## Source material
= Beginning of Section =

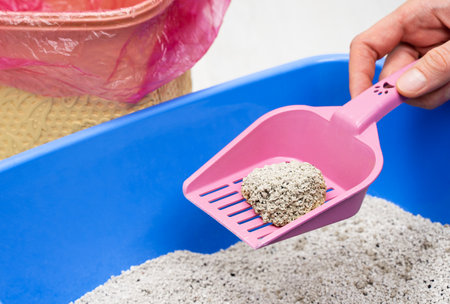 Clumping Bentonite Cat Litter on pink scoop. Cleanliness, pet care and hygiene conceptの写真素材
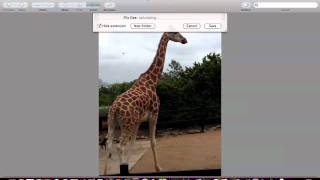 How To Change The File Size Of A Photo On A Mac - Tutorial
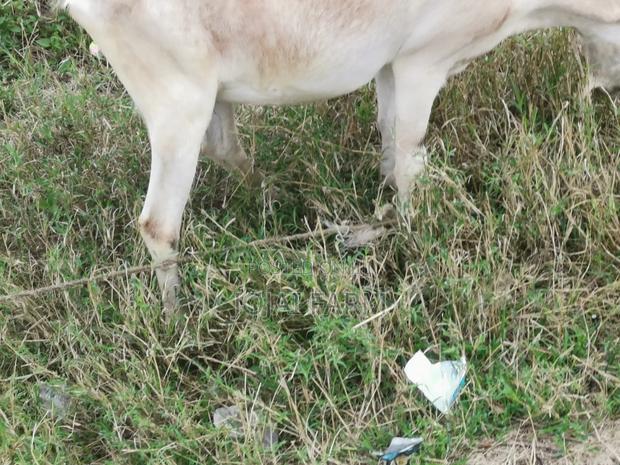 Dairy Goats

= End of Section =

## Exercise requirements
Pictures stay out; reproduce exactly the lines from the one containing "How To Change" through the last line of the listing, both included.

## Task output
 How To Change The File Size Of A Photo On A Mac - Tutorial
 Dairy Goats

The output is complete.